%%
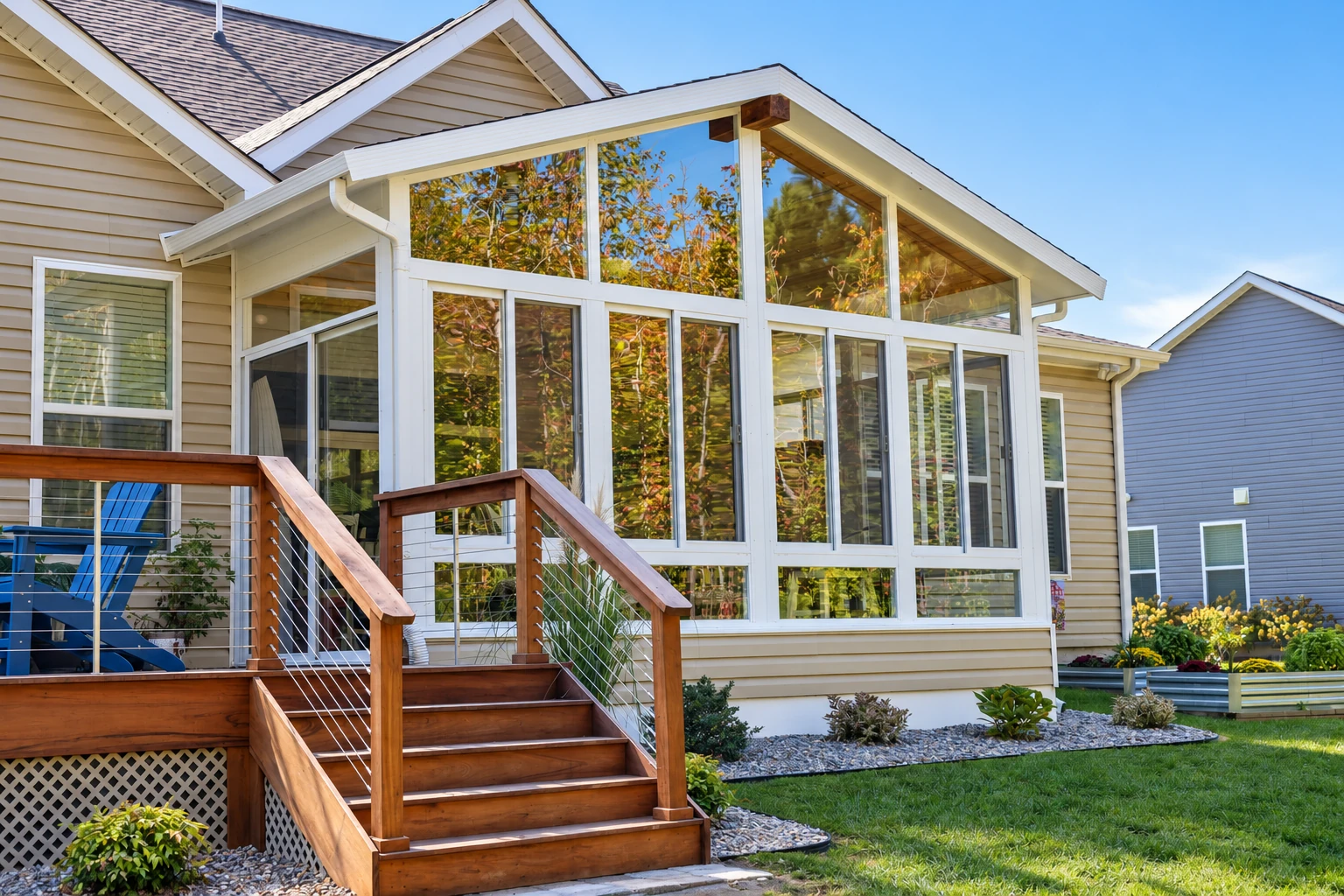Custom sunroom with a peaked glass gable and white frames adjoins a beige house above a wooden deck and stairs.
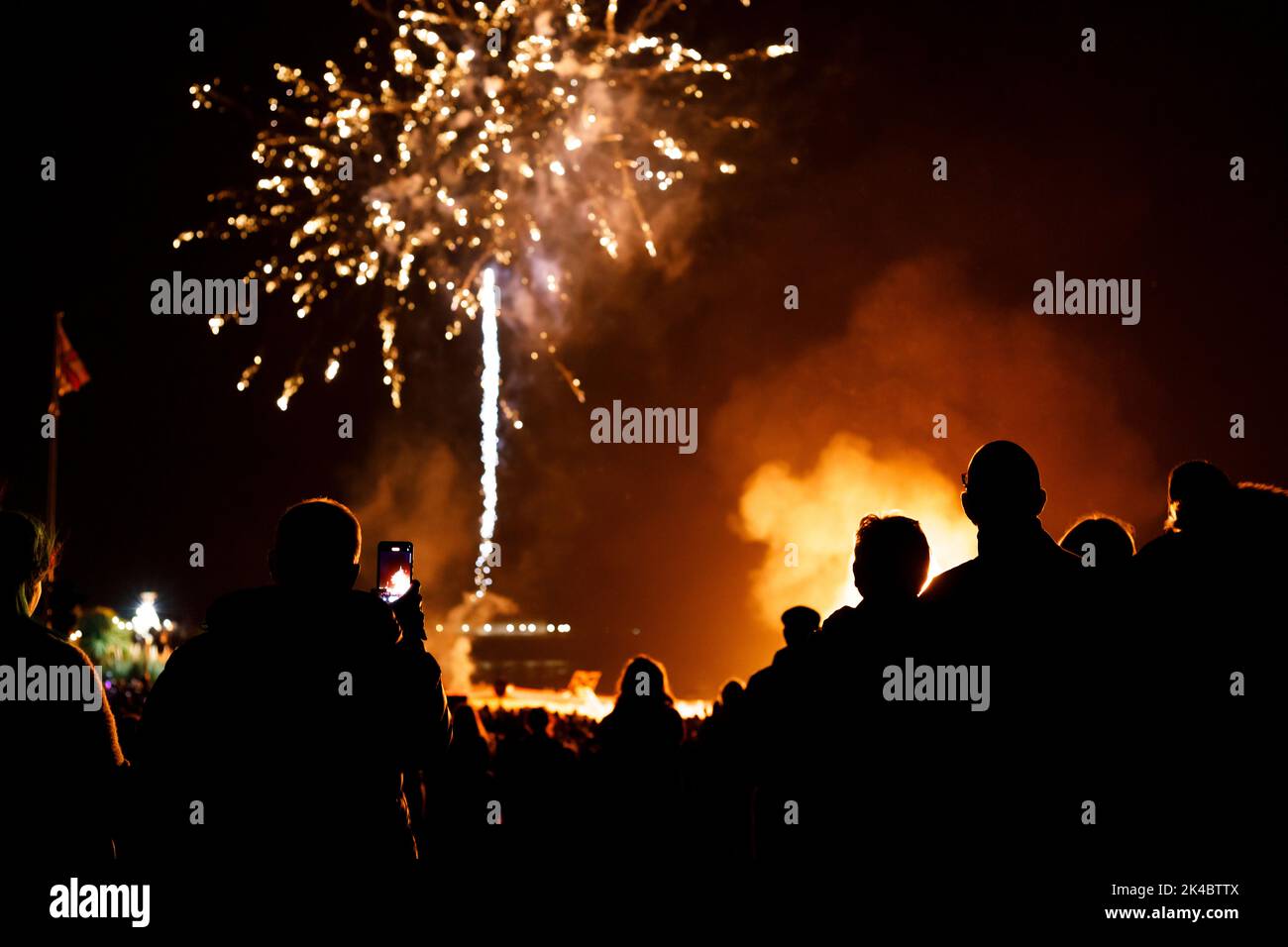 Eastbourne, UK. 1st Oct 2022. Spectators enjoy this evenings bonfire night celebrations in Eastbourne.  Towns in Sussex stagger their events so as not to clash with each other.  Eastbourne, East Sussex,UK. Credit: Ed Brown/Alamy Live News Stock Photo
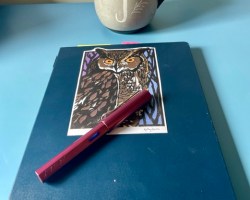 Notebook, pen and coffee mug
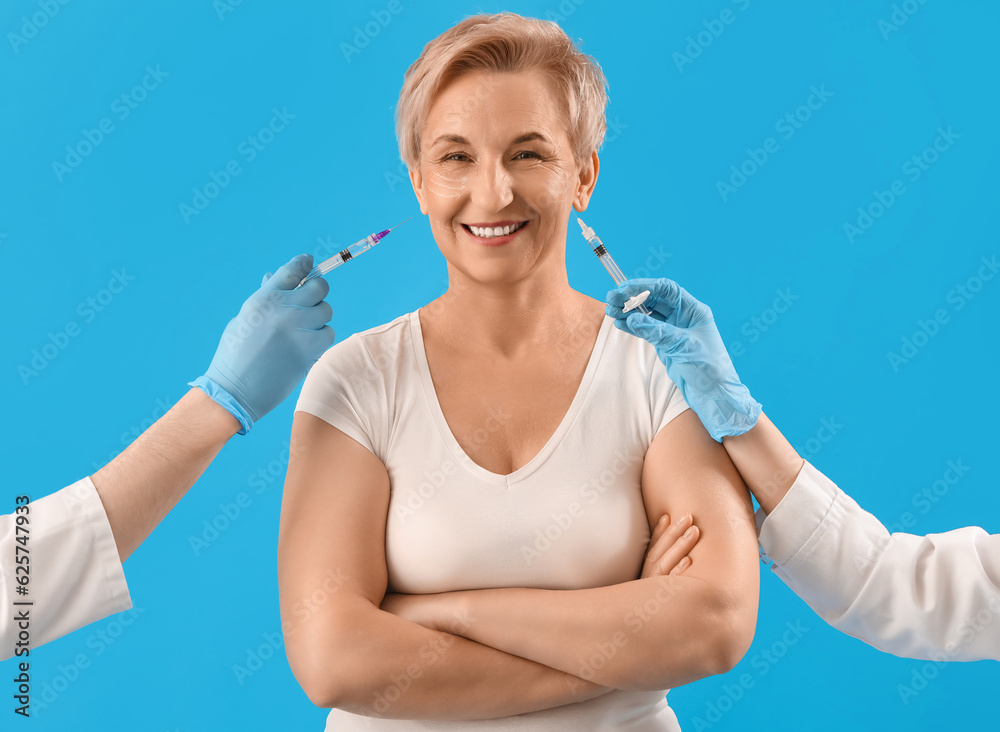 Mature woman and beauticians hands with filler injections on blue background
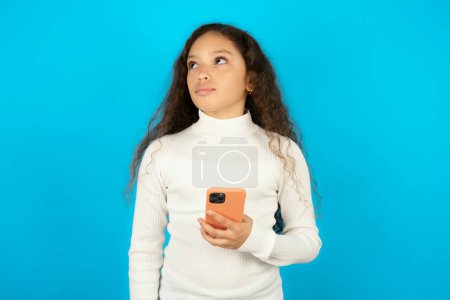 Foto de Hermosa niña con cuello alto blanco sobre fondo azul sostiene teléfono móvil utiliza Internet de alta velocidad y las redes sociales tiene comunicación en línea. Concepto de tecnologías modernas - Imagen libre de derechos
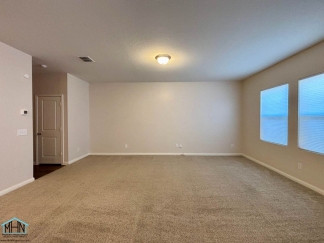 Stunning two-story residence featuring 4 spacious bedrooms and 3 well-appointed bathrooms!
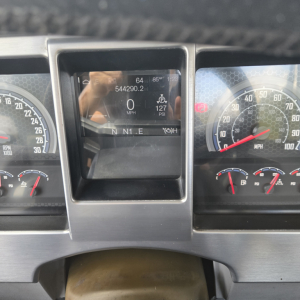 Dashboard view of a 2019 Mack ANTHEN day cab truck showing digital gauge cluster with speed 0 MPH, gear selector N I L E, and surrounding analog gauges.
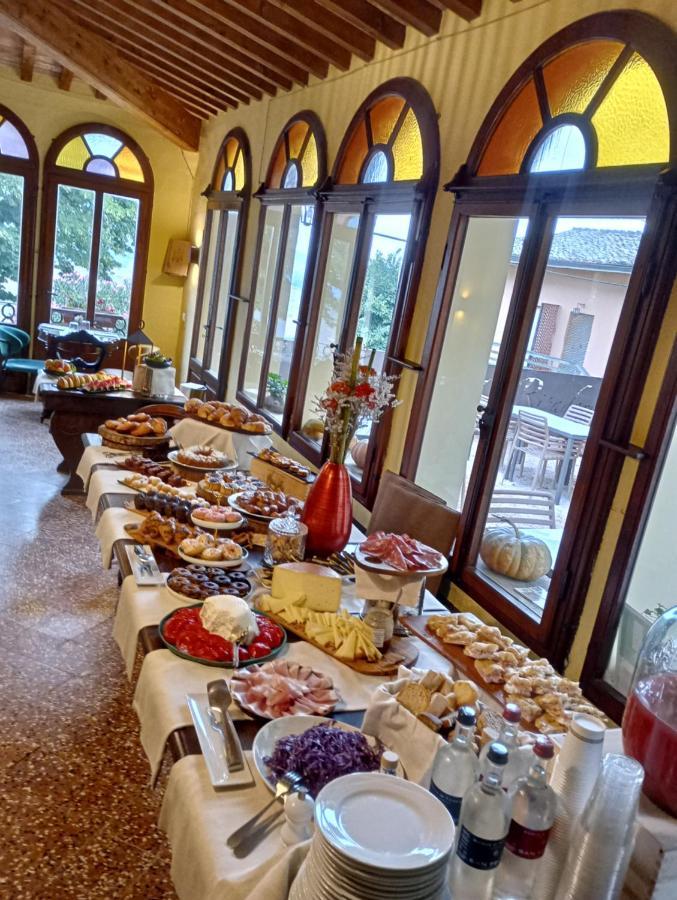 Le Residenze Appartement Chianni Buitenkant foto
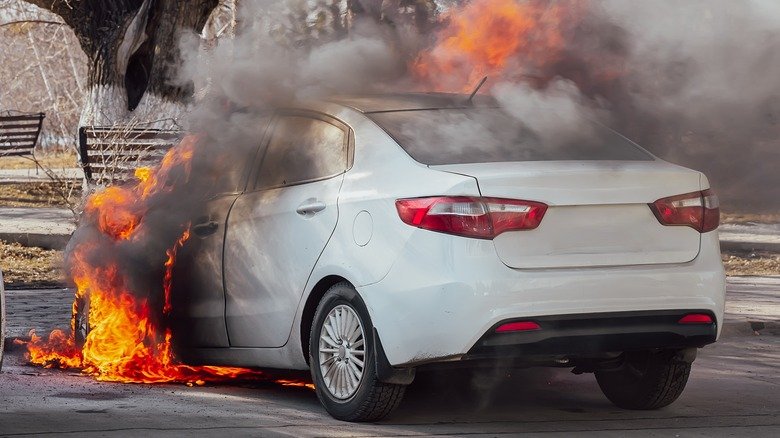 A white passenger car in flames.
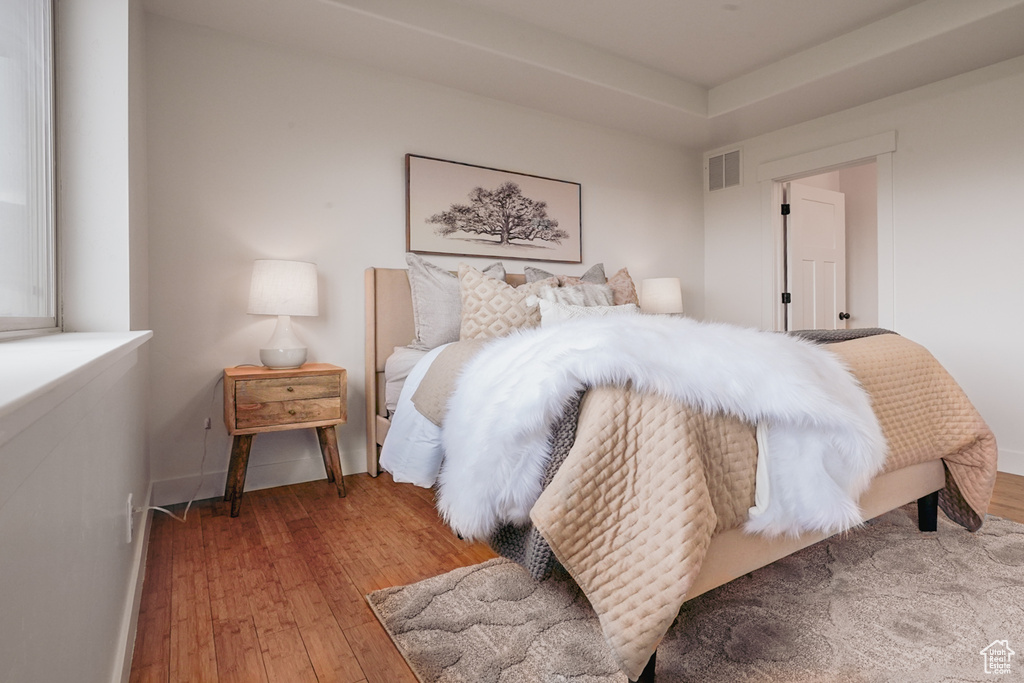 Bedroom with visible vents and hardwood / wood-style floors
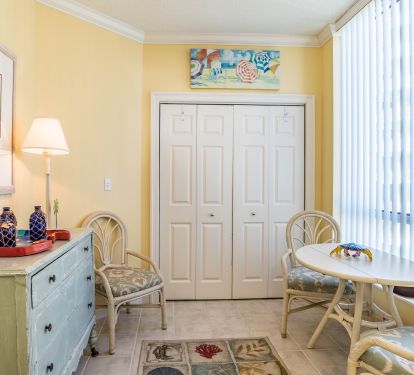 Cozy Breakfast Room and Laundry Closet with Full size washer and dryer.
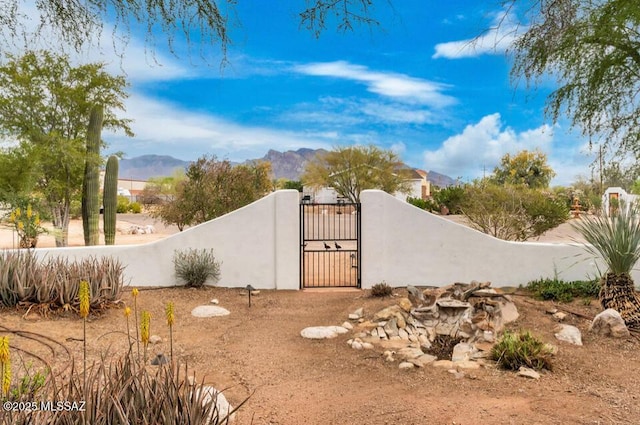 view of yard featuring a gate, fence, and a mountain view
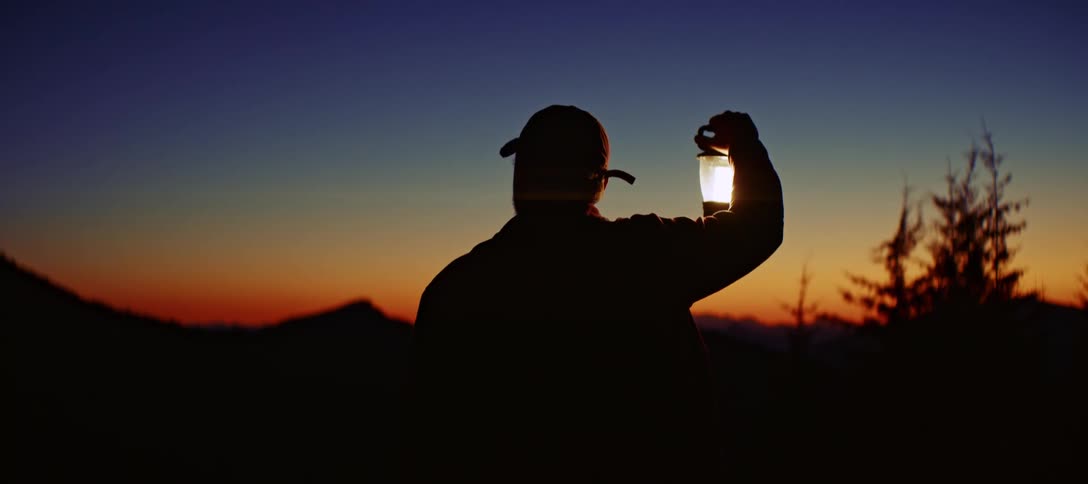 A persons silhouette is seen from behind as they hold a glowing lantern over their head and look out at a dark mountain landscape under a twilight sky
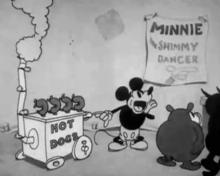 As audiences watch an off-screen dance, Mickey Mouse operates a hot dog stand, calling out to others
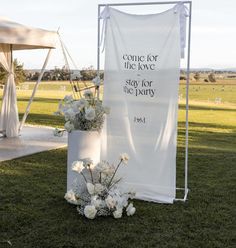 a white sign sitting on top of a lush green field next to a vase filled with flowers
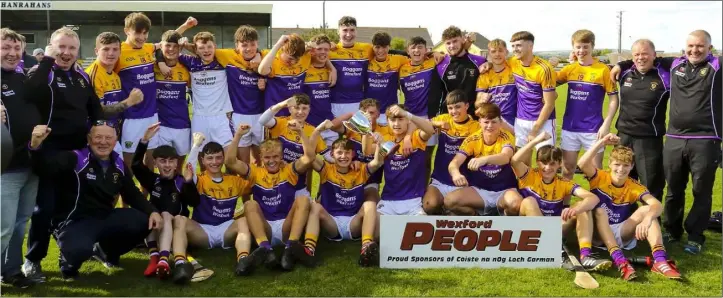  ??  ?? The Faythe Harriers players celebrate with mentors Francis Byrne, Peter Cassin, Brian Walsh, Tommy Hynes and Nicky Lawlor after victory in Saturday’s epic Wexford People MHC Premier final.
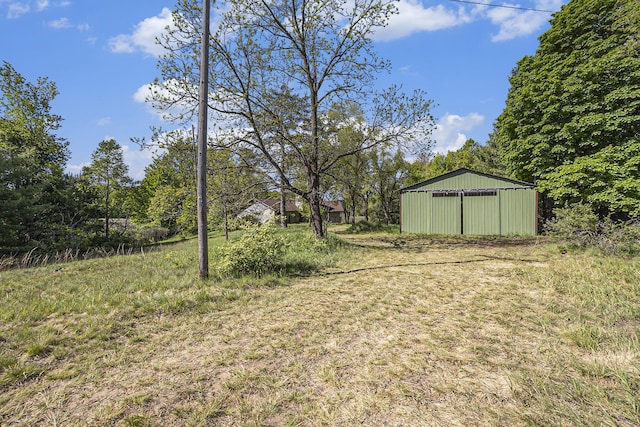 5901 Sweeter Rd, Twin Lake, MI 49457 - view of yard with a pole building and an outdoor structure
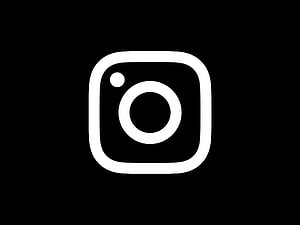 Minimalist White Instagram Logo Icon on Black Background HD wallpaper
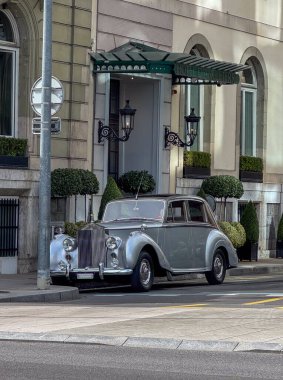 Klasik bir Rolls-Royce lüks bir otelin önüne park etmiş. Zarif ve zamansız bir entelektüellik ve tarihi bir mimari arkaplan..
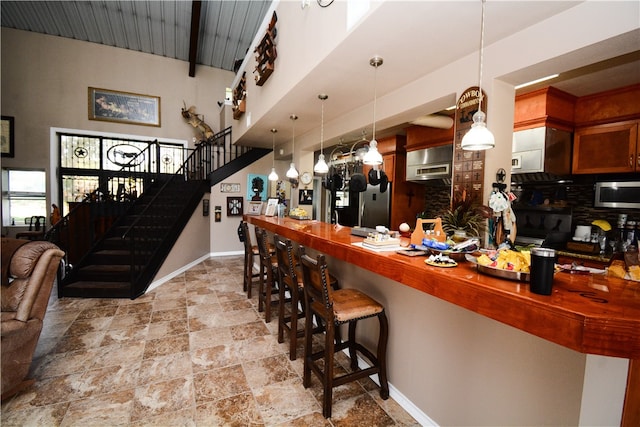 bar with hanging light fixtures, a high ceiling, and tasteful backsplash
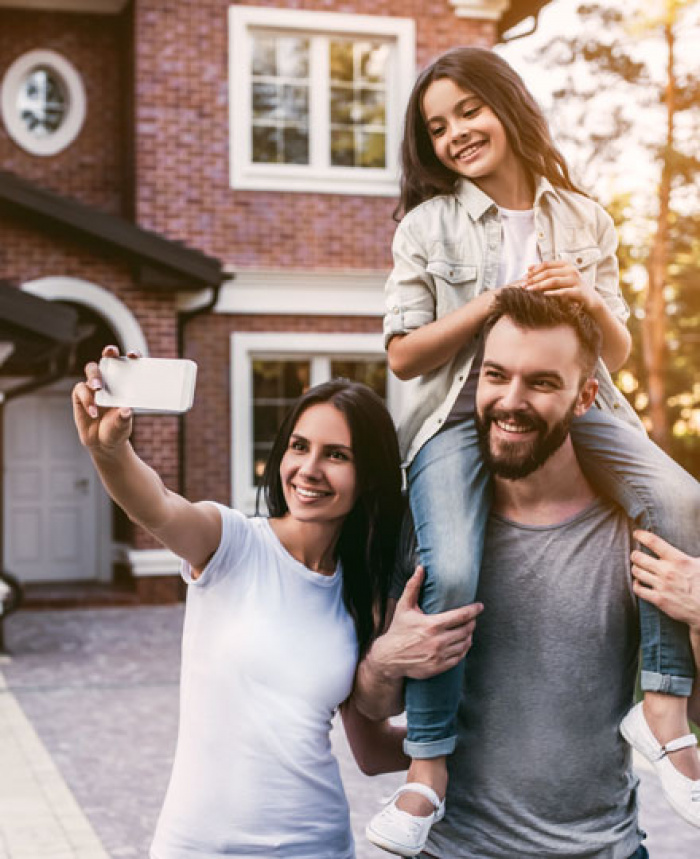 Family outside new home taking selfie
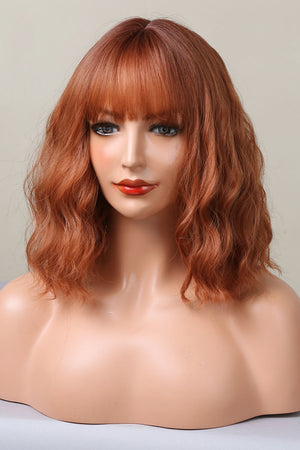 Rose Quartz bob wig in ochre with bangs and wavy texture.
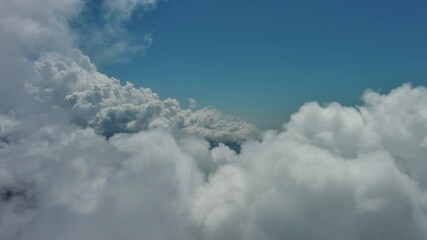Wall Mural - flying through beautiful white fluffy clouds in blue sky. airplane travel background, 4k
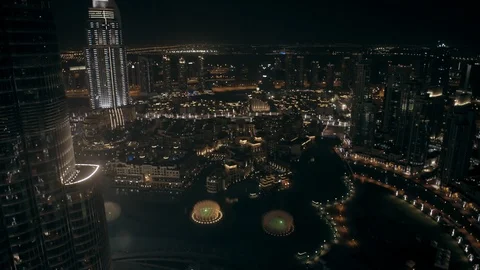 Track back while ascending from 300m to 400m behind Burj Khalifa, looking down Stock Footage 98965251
%%
§ AIM OF THE TASK
In the copy, omit the pictures and give every line of the data exactly.

§ SOLUTION FOR THIS PROBLEM
Custom sunroom with a peaked glass gable and white frames adjoins a beige house above a wooden deck and stairs.
 Eastbourne, UK. 1st Oct 2022. Spectators enjoy this evenings bonfire night celebrations in Eastbourne.  Towns in Sussex stagger their events so as not to clash with each other.  Eastbourne, East Sussex,UK. Credit: Ed Brown/Alamy Live News Stock Photo
 Notebook, pen and coffee mug
 Mature woman and beauticians hands with filler injections on blue background
 Foto de Hermosa niña con cuello alto blanco sobre fondo azul sostiene teléfono móvil utiliza Internet de alta velocidad y las redes sociales tiene comunicación en línea. Concepto de tecnologías modernas - Imagen libre de derechos
 Stunning two-story residence featuring 4 spacious bedrooms and 3 well-appointed bathrooms!
 Dashboard view of a 2019 Mack ANTHEN day cab truck showing digital gauge cluster with speed 0 MPH, gear selector N I L E, and surrounding analog gauges.
 Le Residenze Appartement Chianni Buitenkant foto
 A white passenger car in flames.
 Bedroom with visible vents and hardwood / wood-style floors
 Cozy Breakfast Room and Laundry Closet with Full size washer and dryer.
 view of yard featuring a gate, fence, and a mountain view
 A persons silhouette is seen from behind as they hold a glowing lantern over their head and look out at a dark mountain landscape under a twilight sky
 As audiences watch an off-screen dance, Mickey Mouse operates a hot dog stand, calling out to others
 a white sign sitting on top of a lush green field next to a vase filled with flowers
  ??  ?? The Faythe Harriers players celebrate with mentors Francis Byrne, Peter Cassin, Brian Walsh, Tommy Hynes and Nicky Lawlor after victory in Saturday’s epic Wexford People MHC Premier final.
 5901 Sweeter Rd, Twin Lake, MI 49457 - view of yard with a pole building and an outdoor structure
 Minimalist White Instagram Logo Icon on Black Background HD wallpaper
 Klasik bir Rolls-Royce lüks bir otelin önüne park etmiş. Zarif ve zamansız bir entelektüellik ve tarihi bir mimari arkaplan..
 bar with hanging light fixtures, a high ceiling, and tasteful backsplash
 Family outside new home taking selfie
 Rose Quartz bob wig in ochre with bangs and wavy texture.
Wall Mural - flying through beautiful white fluffy clouds in blue sky. airplane travel background, 4k
 Track back while ascending from 300m to 400m behind Burj Khalifa, looking down Stock Footage 98965251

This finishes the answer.